# TASK ITEM
Each line in the entries below that holds the string "Hotel" must be copied.

# DATA SUPPLIED
--- START ---
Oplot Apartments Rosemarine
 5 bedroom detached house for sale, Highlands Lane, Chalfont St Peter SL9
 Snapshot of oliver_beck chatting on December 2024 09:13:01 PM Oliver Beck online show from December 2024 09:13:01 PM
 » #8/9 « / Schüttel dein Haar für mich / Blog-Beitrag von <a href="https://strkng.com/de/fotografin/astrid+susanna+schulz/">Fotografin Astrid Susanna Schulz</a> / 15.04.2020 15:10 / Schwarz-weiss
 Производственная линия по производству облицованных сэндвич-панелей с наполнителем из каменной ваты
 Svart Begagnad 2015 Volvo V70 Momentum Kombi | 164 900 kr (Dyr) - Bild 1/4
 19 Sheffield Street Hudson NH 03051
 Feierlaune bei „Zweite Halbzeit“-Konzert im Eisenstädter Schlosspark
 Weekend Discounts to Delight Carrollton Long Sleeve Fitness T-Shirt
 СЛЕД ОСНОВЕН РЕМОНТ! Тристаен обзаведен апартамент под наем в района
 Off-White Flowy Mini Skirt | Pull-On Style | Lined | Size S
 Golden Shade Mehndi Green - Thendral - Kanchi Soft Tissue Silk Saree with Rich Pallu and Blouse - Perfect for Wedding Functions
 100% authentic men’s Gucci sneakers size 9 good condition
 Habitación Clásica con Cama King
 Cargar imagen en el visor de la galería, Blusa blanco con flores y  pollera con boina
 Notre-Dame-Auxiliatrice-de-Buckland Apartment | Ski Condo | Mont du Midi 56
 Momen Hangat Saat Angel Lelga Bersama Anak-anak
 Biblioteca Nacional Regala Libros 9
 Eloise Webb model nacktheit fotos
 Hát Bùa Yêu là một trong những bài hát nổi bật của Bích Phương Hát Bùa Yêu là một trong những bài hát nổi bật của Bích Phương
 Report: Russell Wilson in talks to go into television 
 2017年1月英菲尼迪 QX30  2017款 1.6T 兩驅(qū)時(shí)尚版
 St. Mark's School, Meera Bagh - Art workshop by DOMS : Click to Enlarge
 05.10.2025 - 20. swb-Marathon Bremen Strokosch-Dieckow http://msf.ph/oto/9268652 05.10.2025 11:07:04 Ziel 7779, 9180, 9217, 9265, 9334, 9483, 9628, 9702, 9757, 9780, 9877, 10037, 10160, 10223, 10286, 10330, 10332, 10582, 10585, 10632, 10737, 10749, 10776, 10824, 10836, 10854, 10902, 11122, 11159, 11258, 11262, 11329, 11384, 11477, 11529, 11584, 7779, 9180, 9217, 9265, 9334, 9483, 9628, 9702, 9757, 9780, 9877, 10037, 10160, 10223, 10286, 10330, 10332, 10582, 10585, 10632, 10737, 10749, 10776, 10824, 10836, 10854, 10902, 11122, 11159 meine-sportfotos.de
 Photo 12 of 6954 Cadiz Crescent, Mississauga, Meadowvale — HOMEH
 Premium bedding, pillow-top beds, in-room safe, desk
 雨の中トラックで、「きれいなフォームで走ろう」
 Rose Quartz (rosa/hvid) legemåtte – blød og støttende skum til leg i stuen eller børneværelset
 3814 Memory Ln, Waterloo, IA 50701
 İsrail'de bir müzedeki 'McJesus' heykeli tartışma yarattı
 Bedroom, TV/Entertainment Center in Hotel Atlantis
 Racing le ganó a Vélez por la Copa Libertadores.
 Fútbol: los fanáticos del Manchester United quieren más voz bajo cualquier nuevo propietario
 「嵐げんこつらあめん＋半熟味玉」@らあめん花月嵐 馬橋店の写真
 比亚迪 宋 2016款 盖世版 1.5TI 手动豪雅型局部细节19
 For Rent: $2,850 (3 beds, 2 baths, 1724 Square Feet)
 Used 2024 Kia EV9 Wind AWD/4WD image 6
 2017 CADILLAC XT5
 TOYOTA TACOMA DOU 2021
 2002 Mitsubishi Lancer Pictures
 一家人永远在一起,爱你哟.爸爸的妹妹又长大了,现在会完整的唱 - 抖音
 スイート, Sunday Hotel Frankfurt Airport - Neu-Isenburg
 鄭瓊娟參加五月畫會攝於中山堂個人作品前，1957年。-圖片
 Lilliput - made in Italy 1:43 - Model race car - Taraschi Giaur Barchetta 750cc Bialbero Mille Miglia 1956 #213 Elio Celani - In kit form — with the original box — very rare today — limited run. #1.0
--- END ---
# RESPONSE TO THIS TASK
 Bedroom, TV/Entertainment Center in Hotel Atlantis
 スイート, Sunday Hotel Frankfurt Airport - Neu-Isenburg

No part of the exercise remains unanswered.